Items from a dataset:

==*==

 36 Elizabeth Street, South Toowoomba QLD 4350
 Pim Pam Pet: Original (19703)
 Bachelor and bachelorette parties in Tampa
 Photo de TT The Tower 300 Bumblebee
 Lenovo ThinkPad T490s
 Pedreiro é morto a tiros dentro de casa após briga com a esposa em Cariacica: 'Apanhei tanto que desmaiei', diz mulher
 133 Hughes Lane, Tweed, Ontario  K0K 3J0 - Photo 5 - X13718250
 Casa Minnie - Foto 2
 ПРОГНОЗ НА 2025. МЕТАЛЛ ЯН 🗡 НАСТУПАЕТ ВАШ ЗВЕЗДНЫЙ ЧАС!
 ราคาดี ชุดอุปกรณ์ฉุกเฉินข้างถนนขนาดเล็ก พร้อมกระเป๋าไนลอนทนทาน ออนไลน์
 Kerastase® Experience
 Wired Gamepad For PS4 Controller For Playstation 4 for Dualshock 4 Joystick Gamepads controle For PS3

==*==

- EXERCISE DESCRIPTION -
Report each line in the data that holds the word "Photo".

- EXERCISE ANSWER -
 Photo de TT The Tower 300 Bumblebee
 133 Hughes Lane, Tweed, Ontario  K0K 3J0 - Photo 5 - X13718250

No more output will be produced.